[PATCH 2/3] clone3: allow spawning processes into cgroups

From: Christian Brauner
Date: Wed Dec 18 2019 - 12:38:21 EST


This adds support for creating a process in a different cgroup than its
parent. Callers can limit and account processes and threads right from
the moment they are spawned:
- A service manager can directly spawn new services into dedicated
cgroups.
- A process can be directly created in a frozen cgroup and will be
frozen as well.
- The initial accounting jitter experienced by process supervisors and
daemons is eliminated with this.
- Threaded applications or even thread implementations can choose to
create a specific cgroup layout where each thread is spawned
directly into a dedicated cgroup.

This feature is limited to the unified hierarchy.
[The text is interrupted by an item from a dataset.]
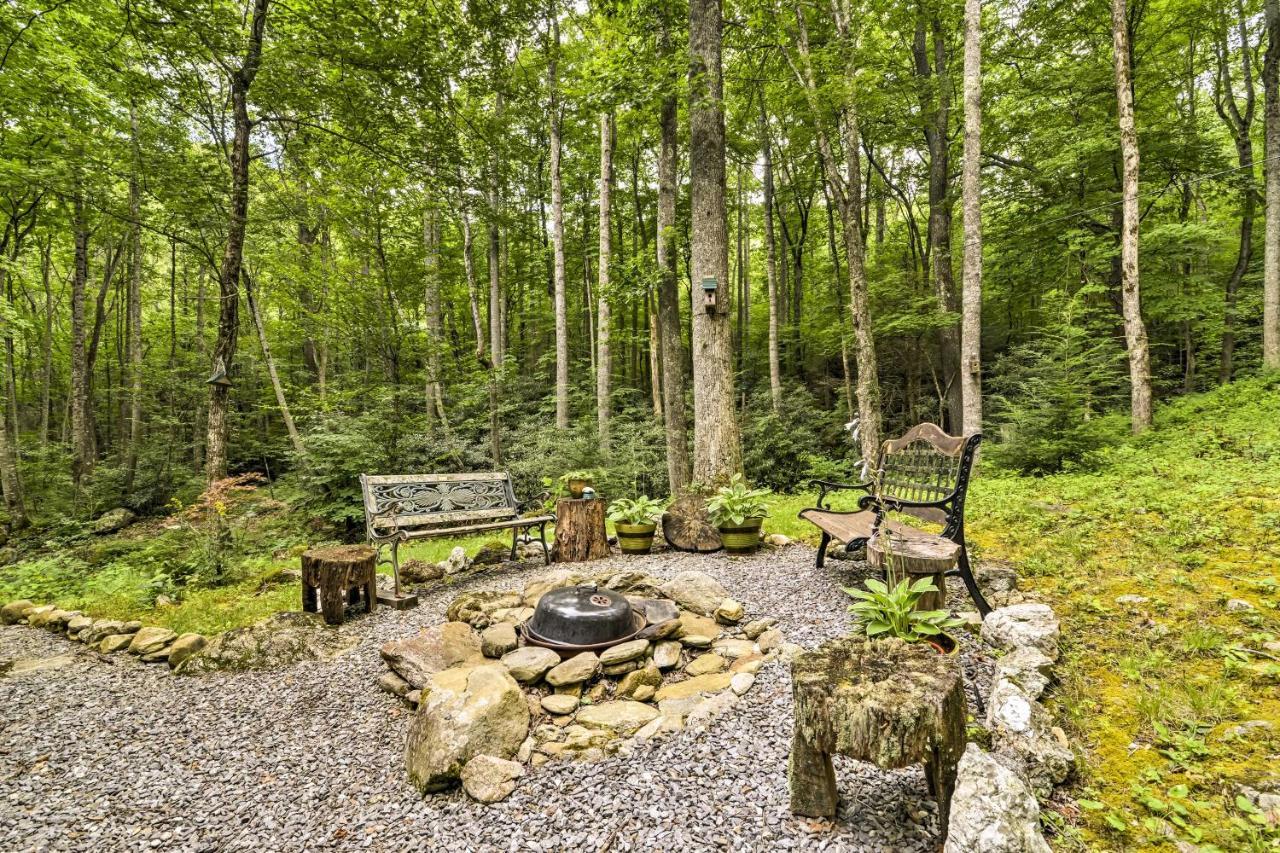 Lotsa Moose Lodge Pisgah Forest Waterfall Cabin! Burnsville Exterior foto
Callers need to pass
an directory file descriptor for the target cgroup. The caller can
choose to pass an O_PATH file descriptor. All usual migration
restrictions apply, i.e. there can be no processes in inner nodes. In
general, creating a process directly in a target cgroup adheres to all
migration restrictions.

Cc: Tejun Heo <tj@xxxxxxxxxx>
Cc: Ingo Molnar <mingo@xxxxxxxxxx>
Cc: Oleg Nesterov <oleg@xxxxxxxxxx>
Cc: Johannes Weiner <hannes@xxxxxxxxxxx>
Cc: Li Zefan <lizefan@xxxxxxxxxx>
Cc: Peter Zijlstra <peterz@xxxxxxxxxxxxx>
Cc: cgroups@xxxxxxxxxxxxxxx
Signed-off-by: Christian Brauner <christian.brauner@xxxxxxxxxx>
---
include/linux/cgroup-defs.h | 7 +-
include/linux/cgroup.h | 25 +++-
include/linux/sched/task.h | 4 +
include/uapi/linux/sched.h | 5 +
kernel/cgroup/cgroup.c | 254 +++++++++++++++++++++++++++++++-----
kernel/cgroup/pids.c | 25 +++-
kernel/fork.c | 18 ++-
7 files changed, 287 insertions(+), 51 deletions(-)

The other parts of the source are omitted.